**WHAT THE EXERCISE ASKS:**
Output the entries exactly as they appear. Pictures should not be included.

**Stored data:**
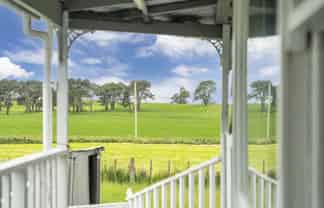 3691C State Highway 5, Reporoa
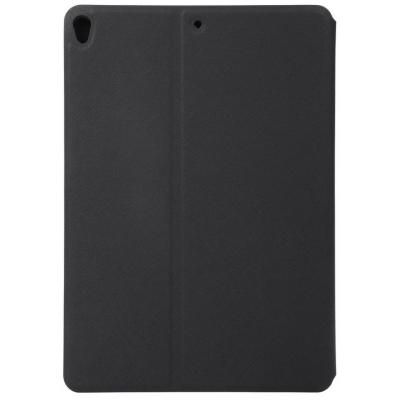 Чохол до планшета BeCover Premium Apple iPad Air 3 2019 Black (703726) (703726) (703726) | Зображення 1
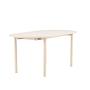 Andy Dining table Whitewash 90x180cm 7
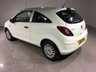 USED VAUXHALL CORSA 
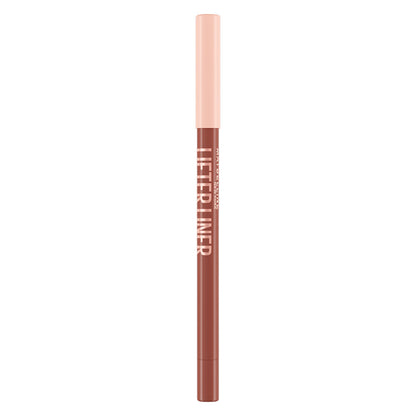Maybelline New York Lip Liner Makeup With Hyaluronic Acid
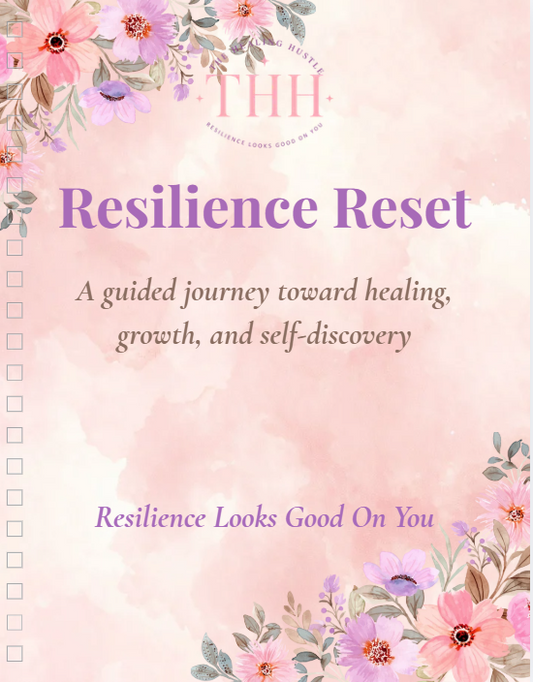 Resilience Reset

**TASK RESPONSE:**
 3691C State Highway 5, Reporoa
 Чохол до планшета BeCover Premium Apple iPad Air 3 2019 Black (703726) (703726) (703726) | Зображення 1
 Andy Dining table Whitewash 90x180cm 7
 USED VAUXHALL CORSA 
Maybelline New York Lip Liner Makeup With Hyaluronic Acid
 Resilience Reset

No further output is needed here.